> Work request
Reproduce the opening lines of the records exactly, up to and including the line in which "Dunya @ 8 with Malick 9th October 2012" occurs.

> Records supplied
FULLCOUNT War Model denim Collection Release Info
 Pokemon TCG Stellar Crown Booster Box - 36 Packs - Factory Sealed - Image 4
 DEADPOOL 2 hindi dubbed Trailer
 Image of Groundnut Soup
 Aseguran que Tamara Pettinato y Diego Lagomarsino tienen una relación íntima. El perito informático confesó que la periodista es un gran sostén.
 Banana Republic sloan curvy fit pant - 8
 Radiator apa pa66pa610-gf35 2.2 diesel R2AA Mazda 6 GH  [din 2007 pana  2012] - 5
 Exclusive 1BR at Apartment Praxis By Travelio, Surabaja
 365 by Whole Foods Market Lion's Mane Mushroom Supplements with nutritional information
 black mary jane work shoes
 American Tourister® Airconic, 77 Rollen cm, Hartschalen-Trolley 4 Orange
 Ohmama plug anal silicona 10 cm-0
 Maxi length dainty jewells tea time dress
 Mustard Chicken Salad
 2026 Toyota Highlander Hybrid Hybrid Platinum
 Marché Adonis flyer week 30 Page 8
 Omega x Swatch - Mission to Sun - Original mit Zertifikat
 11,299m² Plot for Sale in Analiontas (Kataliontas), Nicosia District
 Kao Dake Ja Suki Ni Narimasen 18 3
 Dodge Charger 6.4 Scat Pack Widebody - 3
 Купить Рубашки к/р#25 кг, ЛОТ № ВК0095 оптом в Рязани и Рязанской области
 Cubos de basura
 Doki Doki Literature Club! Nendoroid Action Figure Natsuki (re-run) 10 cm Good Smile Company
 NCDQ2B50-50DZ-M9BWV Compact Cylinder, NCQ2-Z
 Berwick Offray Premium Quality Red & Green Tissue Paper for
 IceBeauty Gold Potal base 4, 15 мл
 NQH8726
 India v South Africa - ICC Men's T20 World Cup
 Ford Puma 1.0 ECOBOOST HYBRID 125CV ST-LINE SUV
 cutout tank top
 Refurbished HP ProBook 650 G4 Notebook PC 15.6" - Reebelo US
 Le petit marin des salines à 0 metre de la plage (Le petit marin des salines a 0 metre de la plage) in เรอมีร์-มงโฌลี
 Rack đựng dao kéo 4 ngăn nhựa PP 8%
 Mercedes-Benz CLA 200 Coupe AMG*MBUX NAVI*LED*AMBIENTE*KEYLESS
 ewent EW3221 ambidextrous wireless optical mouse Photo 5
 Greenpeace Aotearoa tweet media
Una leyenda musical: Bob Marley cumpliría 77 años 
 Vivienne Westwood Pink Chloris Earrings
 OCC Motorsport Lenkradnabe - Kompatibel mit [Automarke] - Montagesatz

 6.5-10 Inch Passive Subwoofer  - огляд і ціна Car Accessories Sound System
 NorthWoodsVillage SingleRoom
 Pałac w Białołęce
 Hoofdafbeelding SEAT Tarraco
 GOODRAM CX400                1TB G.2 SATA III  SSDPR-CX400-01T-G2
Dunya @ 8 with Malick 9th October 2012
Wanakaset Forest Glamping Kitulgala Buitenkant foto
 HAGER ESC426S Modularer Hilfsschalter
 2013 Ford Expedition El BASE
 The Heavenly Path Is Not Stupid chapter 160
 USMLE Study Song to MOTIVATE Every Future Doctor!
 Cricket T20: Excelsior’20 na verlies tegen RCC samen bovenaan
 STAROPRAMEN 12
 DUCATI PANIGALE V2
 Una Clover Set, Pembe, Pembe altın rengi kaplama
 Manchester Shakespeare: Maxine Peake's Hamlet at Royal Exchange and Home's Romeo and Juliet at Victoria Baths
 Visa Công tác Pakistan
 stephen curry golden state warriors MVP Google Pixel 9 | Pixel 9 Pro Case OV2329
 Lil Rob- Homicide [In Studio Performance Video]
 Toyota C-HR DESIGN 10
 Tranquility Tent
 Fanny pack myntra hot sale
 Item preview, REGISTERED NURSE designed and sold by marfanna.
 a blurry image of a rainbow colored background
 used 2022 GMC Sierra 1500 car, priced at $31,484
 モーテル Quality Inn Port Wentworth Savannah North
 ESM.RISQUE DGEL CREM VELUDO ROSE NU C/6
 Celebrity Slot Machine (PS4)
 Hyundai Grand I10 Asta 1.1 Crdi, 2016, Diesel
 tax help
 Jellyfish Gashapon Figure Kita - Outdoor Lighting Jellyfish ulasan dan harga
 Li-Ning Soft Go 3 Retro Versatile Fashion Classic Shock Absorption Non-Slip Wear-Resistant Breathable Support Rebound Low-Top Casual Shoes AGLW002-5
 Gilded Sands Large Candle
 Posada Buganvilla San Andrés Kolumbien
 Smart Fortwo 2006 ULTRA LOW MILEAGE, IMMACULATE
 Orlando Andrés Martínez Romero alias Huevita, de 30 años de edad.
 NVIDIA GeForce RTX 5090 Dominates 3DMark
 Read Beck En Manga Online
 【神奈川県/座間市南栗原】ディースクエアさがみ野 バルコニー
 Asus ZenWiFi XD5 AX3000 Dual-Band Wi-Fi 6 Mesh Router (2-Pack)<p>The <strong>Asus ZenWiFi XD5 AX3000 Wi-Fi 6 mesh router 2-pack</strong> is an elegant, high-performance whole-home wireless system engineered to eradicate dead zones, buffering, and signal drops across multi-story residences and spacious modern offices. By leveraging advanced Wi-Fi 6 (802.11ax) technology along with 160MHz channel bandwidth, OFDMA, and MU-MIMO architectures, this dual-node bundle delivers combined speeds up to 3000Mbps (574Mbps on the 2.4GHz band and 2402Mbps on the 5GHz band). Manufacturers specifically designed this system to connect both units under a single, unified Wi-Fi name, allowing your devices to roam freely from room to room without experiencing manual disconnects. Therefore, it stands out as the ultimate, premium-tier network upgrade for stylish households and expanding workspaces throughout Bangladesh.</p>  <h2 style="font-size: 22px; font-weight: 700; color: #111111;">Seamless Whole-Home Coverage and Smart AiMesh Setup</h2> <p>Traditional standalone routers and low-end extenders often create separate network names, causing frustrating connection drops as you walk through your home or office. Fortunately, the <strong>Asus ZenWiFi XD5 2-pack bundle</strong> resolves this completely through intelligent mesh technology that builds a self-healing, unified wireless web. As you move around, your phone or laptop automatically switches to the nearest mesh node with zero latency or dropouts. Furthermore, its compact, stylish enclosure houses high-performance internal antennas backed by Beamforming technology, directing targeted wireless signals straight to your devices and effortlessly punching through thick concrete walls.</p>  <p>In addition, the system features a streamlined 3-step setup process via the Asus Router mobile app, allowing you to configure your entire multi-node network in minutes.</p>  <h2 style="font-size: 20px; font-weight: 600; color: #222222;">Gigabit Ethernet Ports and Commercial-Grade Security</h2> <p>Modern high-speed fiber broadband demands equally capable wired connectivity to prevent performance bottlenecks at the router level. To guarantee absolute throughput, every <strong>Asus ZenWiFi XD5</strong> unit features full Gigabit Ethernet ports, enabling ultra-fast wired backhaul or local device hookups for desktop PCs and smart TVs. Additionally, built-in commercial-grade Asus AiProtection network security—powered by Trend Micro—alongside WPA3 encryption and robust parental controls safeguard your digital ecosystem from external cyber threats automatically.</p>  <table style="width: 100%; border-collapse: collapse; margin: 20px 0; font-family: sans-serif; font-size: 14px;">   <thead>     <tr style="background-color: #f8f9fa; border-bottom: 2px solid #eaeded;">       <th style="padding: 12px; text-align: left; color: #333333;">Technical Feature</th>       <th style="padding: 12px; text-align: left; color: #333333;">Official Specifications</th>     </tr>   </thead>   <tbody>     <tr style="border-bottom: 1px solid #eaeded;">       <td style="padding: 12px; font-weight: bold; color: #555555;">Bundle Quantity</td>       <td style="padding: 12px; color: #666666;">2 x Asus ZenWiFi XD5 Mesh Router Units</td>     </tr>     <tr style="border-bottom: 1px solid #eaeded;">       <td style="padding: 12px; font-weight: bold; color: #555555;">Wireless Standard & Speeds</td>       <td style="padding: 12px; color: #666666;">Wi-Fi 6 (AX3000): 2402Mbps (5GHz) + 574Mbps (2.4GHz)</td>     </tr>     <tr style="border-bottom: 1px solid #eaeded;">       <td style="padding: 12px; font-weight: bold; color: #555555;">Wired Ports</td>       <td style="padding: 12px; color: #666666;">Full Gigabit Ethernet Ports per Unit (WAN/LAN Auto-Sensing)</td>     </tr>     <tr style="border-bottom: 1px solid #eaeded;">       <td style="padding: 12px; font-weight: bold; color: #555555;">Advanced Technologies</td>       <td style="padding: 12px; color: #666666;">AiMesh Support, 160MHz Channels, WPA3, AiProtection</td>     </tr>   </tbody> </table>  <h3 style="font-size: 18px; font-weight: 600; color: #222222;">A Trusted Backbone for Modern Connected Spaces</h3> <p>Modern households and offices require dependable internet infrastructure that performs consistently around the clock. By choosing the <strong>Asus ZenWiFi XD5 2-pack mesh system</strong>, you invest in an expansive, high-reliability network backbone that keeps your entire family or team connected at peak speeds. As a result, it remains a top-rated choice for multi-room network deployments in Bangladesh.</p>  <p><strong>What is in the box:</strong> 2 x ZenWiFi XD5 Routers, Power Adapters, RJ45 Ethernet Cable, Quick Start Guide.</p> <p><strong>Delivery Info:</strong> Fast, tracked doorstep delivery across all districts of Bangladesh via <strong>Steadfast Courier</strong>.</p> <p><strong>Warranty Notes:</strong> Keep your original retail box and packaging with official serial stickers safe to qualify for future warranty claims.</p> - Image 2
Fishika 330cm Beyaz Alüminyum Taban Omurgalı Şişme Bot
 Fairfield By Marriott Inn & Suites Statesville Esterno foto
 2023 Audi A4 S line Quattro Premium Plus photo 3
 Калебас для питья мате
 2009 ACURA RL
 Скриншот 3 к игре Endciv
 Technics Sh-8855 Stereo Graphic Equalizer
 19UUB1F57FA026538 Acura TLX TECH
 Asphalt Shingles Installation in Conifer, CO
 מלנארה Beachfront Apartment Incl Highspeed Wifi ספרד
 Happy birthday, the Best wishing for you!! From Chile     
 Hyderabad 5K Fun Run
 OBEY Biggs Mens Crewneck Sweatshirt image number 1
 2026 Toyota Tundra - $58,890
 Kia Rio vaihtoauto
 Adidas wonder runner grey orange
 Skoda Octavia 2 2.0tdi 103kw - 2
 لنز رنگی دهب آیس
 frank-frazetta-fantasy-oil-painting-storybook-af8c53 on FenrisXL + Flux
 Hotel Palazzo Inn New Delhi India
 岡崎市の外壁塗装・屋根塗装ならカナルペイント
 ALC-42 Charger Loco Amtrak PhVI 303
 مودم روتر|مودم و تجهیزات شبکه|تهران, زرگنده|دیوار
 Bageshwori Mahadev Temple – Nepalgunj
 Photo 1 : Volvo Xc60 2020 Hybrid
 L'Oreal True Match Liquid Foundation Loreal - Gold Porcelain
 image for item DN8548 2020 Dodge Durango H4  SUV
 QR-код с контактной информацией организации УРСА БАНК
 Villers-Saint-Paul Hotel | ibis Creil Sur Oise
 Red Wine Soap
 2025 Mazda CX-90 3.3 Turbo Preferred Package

> Completed exercise
FULLCOUNT War Model denim Collection Release Info
 Pokemon TCG Stellar Crown Booster Box - 36 Packs - Factory Sealed - Image 4
 DEADPOOL 2 hindi dubbed Trailer
 Image of Groundnut Soup
 Aseguran que Tamara Pettinato y Diego Lagomarsino tienen una relación íntima. El perito informático confesó que la periodista es un gran sostén.
 Banana Republic sloan curvy fit pant - 8
 Radiator apa pa66pa610-gf35 2.2 diesel R2AA Mazda 6 GH  [din 2007 pana  2012] - 5
 Exclusive 1BR at Apartment Praxis By Travelio, Surabaja
 365 by Whole Foods Market Lion's Mane Mushroom Supplements with nutritional information
 black mary jane work shoes
 American Tourister® Airconic, 77 Rollen cm, Hartschalen-Trolley 4 Orange
 Ohmama plug anal silicona 10 cm-0
 Maxi length dainty jewells tea time dress
 Mustard Chicken Salad
 2026 Toyota Highlander Hybrid Hybrid Platinum
 Marché Adonis flyer week 30 Page 8
 Omega x Swatch - Mission to Sun - Original mit Zertifikat
 11,299m² Plot for Sale in Analiontas (Kataliontas), Nicosia District
 Kao Dake Ja Suki Ni Narimasen 18 3
 Dodge Charger 6.4 Scat Pack Widebody - 3
 Купить Рубашки к/р#25 кг, ЛОТ № ВК0095 оптом в Рязани и Рязанской области
 Cubos de basura
 Doki Doki Literature Club! Nendoroid Action Figure Natsuki (re-run) 10 cm Good Smile Company
 NCDQ2B50-50DZ-M9BWV Compact Cylinder, NCQ2-Z
 Berwick Offray Premium Quality Red & Green Tissue Paper for
 IceBeauty Gold Potal base 4, 15 мл
 NQH8726
 India v South Africa - ICC Men's T20 World Cup
 Ford Puma 1.0 ECOBOOST HYBRID 125CV ST-LINE SUV
 cutout tank top
 Refurbished HP ProBook 650 G4 Notebook PC 15.6" - Reebelo US
 Le petit marin des salines à 0 metre de la plage (Le petit marin des salines a 0 metre de la plage) in เรอมีร์-มงโฌลี
 Rack đựng dao kéo 4 ngăn nhựa PP 8%
 Mercedes-Benz CLA 200 Coupe AMG*MBUX NAVI*LED*AMBIENTE*KEYLESS
 ewent EW3221 ambidextrous wireless optical mouse Photo 5
 Greenpeace Aotearoa tweet media
Una leyenda musical: Bob Marley cumpliría 77 años 
 Vivienne Westwood Pink Chloris Earrings
 OCC Motorsport Lenkradnabe - Kompatibel mit [Automarke] - Montagesatz

 6.5-10 Inch Passive Subwoofer  - огляд і ціна Car Accessories Sound System
 NorthWoodsVillage SingleRoom
 Pałac w Białołęce
 Hoofdafbeelding SEAT Tarraco
 GOODRAM CX400                1TB G.2 SATA III  SSDPR-CX400-01T-G2
Dunya @ 8 with Malick 9th October 2012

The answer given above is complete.